● **Input material**
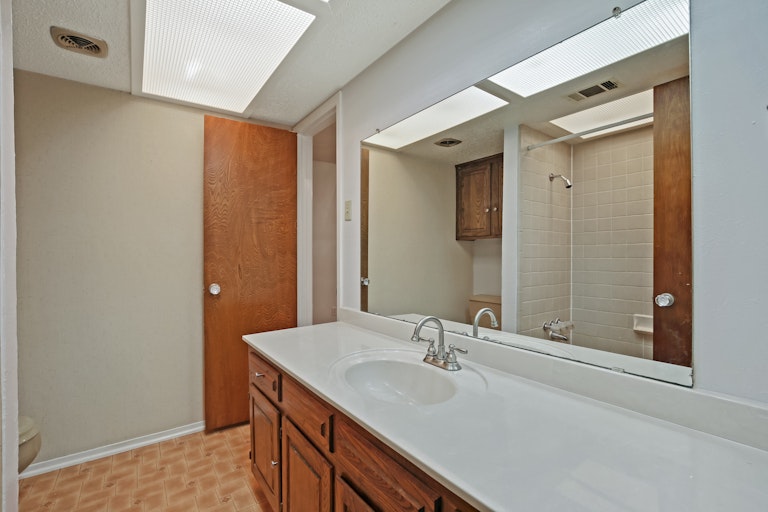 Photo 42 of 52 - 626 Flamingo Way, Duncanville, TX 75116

...

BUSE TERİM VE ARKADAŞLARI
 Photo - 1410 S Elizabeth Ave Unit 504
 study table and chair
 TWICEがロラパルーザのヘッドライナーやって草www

● **The task**
In the entries above, please find the line with "BUSE TERİM VE ARKADAŞLARI" and the line with "TWICEがロラパルーザのヘッドライナーやって草www", then write out exactly those two lines and every line between them, and nothing more.

● **Answer to this task**
BUSE TERİM VE ARKADAŞLARI
 Photo - 1410 S Elizabeth Ave Unit 504
 study table and chair
 TWICEがロラパルーザのヘッドライナーやって草www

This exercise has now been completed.